▸ **REQUIRED WORK**:
Repeat every line below exactly, word for word.

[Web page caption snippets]
• • • •

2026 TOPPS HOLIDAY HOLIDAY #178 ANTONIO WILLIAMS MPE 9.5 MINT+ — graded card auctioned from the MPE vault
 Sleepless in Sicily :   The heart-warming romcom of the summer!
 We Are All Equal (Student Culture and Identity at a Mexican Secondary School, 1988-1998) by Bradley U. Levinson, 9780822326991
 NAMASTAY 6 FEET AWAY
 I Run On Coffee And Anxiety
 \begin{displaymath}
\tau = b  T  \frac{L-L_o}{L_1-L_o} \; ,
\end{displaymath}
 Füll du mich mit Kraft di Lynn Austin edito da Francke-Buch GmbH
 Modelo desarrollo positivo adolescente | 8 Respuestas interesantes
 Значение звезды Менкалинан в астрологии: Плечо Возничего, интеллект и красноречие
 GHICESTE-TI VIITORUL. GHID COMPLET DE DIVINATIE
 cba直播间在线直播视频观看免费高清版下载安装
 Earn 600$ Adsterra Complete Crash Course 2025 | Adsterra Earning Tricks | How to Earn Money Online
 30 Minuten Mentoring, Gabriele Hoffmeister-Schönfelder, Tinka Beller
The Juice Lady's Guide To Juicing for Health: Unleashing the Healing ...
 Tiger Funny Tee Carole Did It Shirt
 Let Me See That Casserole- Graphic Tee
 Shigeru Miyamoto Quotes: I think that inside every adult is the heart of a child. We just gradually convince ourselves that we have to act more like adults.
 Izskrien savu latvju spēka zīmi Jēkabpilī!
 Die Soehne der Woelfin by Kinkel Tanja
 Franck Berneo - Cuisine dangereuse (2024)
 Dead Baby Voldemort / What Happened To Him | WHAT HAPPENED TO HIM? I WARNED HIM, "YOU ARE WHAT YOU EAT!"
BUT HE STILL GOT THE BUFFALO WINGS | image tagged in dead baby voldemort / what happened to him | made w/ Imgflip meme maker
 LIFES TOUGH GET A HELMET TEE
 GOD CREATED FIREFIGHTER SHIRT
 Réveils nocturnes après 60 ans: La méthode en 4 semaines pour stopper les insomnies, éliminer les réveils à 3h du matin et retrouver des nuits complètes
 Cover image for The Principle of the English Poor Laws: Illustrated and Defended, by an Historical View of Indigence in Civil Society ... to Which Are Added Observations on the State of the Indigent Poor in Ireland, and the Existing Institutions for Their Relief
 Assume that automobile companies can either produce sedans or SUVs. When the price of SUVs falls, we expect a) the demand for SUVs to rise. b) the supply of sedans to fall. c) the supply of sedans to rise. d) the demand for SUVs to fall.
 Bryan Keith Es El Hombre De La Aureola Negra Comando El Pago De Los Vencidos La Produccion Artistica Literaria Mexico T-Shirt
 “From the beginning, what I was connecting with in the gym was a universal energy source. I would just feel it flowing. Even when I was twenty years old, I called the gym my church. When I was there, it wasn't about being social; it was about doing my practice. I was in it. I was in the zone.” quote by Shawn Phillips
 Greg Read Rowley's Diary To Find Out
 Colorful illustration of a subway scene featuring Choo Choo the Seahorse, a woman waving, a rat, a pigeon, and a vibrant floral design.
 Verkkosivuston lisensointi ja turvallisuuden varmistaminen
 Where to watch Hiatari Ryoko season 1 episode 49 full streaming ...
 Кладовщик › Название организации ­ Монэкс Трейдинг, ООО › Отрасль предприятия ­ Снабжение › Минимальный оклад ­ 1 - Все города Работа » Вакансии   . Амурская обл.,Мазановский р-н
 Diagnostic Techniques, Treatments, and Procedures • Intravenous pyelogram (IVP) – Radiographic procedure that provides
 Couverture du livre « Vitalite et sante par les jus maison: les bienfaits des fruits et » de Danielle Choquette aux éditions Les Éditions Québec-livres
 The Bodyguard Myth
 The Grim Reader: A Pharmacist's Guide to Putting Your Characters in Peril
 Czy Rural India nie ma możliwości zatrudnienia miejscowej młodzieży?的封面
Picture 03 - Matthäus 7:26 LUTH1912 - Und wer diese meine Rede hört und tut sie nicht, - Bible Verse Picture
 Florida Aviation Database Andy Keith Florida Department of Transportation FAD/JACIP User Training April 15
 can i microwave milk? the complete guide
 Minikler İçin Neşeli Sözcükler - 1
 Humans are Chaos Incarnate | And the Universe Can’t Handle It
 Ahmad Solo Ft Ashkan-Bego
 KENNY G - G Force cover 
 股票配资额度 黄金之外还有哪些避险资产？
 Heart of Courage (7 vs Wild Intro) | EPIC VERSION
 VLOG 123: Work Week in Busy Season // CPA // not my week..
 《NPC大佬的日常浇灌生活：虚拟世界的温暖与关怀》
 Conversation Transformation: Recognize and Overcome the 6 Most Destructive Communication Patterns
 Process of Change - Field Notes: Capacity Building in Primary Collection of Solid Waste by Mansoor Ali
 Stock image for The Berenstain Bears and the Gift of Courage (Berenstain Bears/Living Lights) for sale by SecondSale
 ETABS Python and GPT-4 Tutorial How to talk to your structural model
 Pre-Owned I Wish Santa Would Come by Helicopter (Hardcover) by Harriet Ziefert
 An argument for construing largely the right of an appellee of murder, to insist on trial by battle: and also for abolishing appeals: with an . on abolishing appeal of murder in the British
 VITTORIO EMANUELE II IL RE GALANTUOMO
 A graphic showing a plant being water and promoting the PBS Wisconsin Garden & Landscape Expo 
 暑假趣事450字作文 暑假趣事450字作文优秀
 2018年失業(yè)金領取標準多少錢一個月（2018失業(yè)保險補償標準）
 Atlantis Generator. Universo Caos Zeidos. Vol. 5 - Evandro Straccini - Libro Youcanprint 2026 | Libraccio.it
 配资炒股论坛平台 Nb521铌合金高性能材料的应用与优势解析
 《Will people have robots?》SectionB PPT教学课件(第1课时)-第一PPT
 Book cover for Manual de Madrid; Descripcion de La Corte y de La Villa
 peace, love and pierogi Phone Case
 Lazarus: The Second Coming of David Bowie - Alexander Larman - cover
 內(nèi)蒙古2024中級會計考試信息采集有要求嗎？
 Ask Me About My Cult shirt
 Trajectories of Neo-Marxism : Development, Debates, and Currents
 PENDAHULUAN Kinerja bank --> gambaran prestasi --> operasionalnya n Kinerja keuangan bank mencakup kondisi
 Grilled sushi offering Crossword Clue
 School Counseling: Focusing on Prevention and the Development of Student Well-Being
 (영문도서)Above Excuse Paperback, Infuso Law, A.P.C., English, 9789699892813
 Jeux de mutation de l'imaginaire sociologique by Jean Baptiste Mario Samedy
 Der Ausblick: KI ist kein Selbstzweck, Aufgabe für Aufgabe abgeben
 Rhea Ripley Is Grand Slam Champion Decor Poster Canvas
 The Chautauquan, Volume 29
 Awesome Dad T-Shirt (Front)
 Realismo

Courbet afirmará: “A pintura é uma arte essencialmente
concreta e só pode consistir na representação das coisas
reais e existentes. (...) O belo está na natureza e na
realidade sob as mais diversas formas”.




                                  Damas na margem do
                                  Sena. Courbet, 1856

• • • •

▸ **ANSWER**:
2026 TOPPS HOLIDAY HOLIDAY #178 ANTONIO WILLIAMS MPE 9.5 MINT+ — graded card auctioned from the MPE vault
 Sleepless in Sicily :   The heart-warming romcom of the summer!
 We Are All Equal (Student Culture and Identity at a Mexican Secondary School, 1988-1998) by Bradley U. Levinson, 9780822326991
 NAMASTAY 6 FEET AWAY
 I Run On Coffee And Anxiety
 \begin{displaymath}
\tau = b  T  \frac{L-L_o}{L_1-L_o} \; ,
\end{displaymath}
 Füll du mich mit Kraft di Lynn Austin edito da Francke-Buch GmbH
 Modelo desarrollo positivo adolescente | 8 Respuestas interesantes
 Значение звезды Менкалинан в астрологии: Плечо Возничего, интеллект и красноречие
 GHICESTE-TI VIITORUL. GHID COMPLET DE DIVINATIE
 cba直播间在线直播视频观看免费高清版下载安装
 Earn 600$ Adsterra Complete Crash Course 2025 | Adsterra Earning Tricks | How to Earn Money Online
 30 Minuten Mentoring, Gabriele Hoffmeister-Schönfelder, Tinka Beller
The Juice Lady's Guide To Juicing for Health: Unleashing the Healing ...
 Tiger Funny Tee Carole Did It Shirt
 Let Me See That Casserole- Graphic Tee
 Shigeru Miyamoto Quotes: I think that inside every adult is the heart of a child. We just gradually convince ourselves that we have to act more like adults.
 Izskrien savu latvju spēka zīmi Jēkabpilī!
 Die Soehne der Woelfin by Kinkel Tanja
 Franck Berneo - Cuisine dangereuse (2024)
 Dead Baby Voldemort / What Happened To Him | WHAT HAPPENED TO HIM? I WARNED HIM, "YOU ARE WHAT YOU EAT!"
BUT HE STILL GOT THE BUFFALO WINGS | image tagged in dead baby voldemort / what happened to him | made w/ Imgflip meme maker
 LIFES TOUGH GET A HELMET TEE
 GOD CREATED FIREFIGHTER SHIRT
 Réveils nocturnes après 60 ans: La méthode en 4 semaines pour stopper les insomnies, éliminer les réveils à 3h du matin et retrouver des nuits complètes
 Cover image for The Principle of the English Poor Laws: Illustrated and Defended, by an Historical View of Indigence in Civil Society ... to Which Are Added Observations on the State of the Indigent Poor in Ireland, and the Existing Institutions for Their Relief
 Assume that automobile companies can either produce sedans or SUVs. When the price of SUVs falls, we expect a) the demand for SUVs to rise. b) the supply of sedans to fall. c) the supply of sedans to rise. d) the demand for SUVs to fall.
 Bryan Keith Es El Hombre De La Aureola Negra Comando El Pago De Los Vencidos La Produccion Artistica Literaria Mexico T-Shirt
 “From the beginning, what I was connecting with in the gym was a universal energy source. I would just feel it flowing. Even when I was twenty years old, I called the gym my church. When I was there, it wasn't about being social; it was about doing my practice. I was in it. I was in the zone.” quote by Shawn Phillips
 Greg Read Rowley's Diary To Find Out
 Colorful illustration of a subway scene featuring Choo Choo the Seahorse, a woman waving, a rat, a pigeon, and a vibrant floral design.
 Verkkosivuston lisensointi ja turvallisuuden varmistaminen
 Where to watch Hiatari Ryoko season 1 episode 49 full streaming ...
 Кладовщик › Название организации ­ Монэкс Трейдинг, ООО › Отрасль предприятия ­ Снабжение › Минимальный оклад ­ 1 - Все города Работа » Вакансии   . Амурская обл.,Мазановский р-н
 Diagnostic Techniques, Treatments, and Procedures • Intravenous pyelogram (IVP) – Radiographic procedure that provides
 Couverture du livre « Vitalite et sante par les jus maison: les bienfaits des fruits et » de Danielle Choquette aux éditions Les Éditions Québec-livres
 The Bodyguard Myth
 The Grim Reader: A Pharmacist's Guide to Putting Your Characters in Peril
 Czy Rural India nie ma możliwości zatrudnienia miejscowej młodzieży?的封面
Picture 03 - Matthäus 7:26 LUTH1912 - Und wer diese meine Rede hört und tut sie nicht, - Bible Verse Picture
 Florida Aviation Database Andy Keith Florida Department of Transportation FAD/JACIP User Training April 15
 can i microwave milk? the complete guide
 Minikler İçin Neşeli Sözcükler - 1
 Humans are Chaos Incarnate | And the Universe Can’t Handle It
 Ahmad Solo Ft Ashkan-Bego
 KENNY G - G Force cover 
 股票配资额度 黄金之外还有哪些避险资产？
 Heart of Courage (7 vs Wild Intro) | EPIC VERSION
 VLOG 123: Work Week in Busy Season // CPA // not my week..
 《NPC大佬的日常浇灌生活：虚拟世界的温暖与关怀》
 Conversation Transformation: Recognize and Overcome the 6 Most Destructive Communication Patterns
 Process of Change - Field Notes: Capacity Building in Primary Collection of Solid Waste by Mansoor Ali
 Stock image for The Berenstain Bears and the Gift of Courage (Berenstain Bears/Living Lights) for sale by SecondSale
 ETABS Python and GPT-4 Tutorial How to talk to your structural model
 Pre-Owned I Wish Santa Would Come by Helicopter (Hardcover) by Harriet Ziefert
 An argument for construing largely the right of an appellee of murder, to insist on trial by battle: and also for abolishing appeals: with an . on abolishing appeal of murder in the British
 VITTORIO EMANUELE II IL RE GALANTUOMO
 A graphic showing a plant being water and promoting the PBS Wisconsin Garden & Landscape Expo 
 暑假趣事450字作文 暑假趣事450字作文优秀
 2018年失業(yè)金領取標準多少錢一個月（2018失業(yè)保險補償標準）
 Atlantis Generator. Universo Caos Zeidos. Vol. 5 - Evandro Straccini - Libro Youcanprint 2026 | Libraccio.it
 配资炒股论坛平台 Nb521铌合金高性能材料的应用与优势解析
 《Will people have robots?》SectionB PPT教学课件(第1课时)-第一PPT
 Book cover for Manual de Madrid; Descripcion de La Corte y de La Villa
 peace, love and pierogi Phone Case
 Lazarus: The Second Coming of David Bowie - Alexander Larman - cover
 內(nèi)蒙古2024中級會計考試信息采集有要求嗎？
 Ask Me About My Cult shirt
 Trajectories of Neo-Marxism : Development, Debates, and Currents
 PENDAHULUAN Kinerja bank --> gambaran prestasi --> operasionalnya n Kinerja keuangan bank mencakup kondisi
 Grilled sushi offering Crossword Clue
 School Counseling: Focusing on Prevention and the Development of Student Well-Being
 (영문도서)Above Excuse Paperback, Infuso Law, A.P.C., English, 9789699892813
 Jeux de mutation de l'imaginaire sociologique by Jean Baptiste Mario Samedy
 Der Ausblick: KI ist kein Selbstzweck, Aufgabe für Aufgabe abgeben
 Rhea Ripley Is Grand Slam Champion Decor Poster Canvas
 The Chautauquan, Volume 29
 Awesome Dad T-Shirt (Front)
 Realismo

Courbet afirmará: “A pintura é uma arte essencialmente
concreta e só pode consistir na representação das coisas
reais e existentes. (...) O belo está na natureza e na
realidade sob as mais diversas formas”.




                                  Damas na margem do
                                  Sena. Courbet, 1856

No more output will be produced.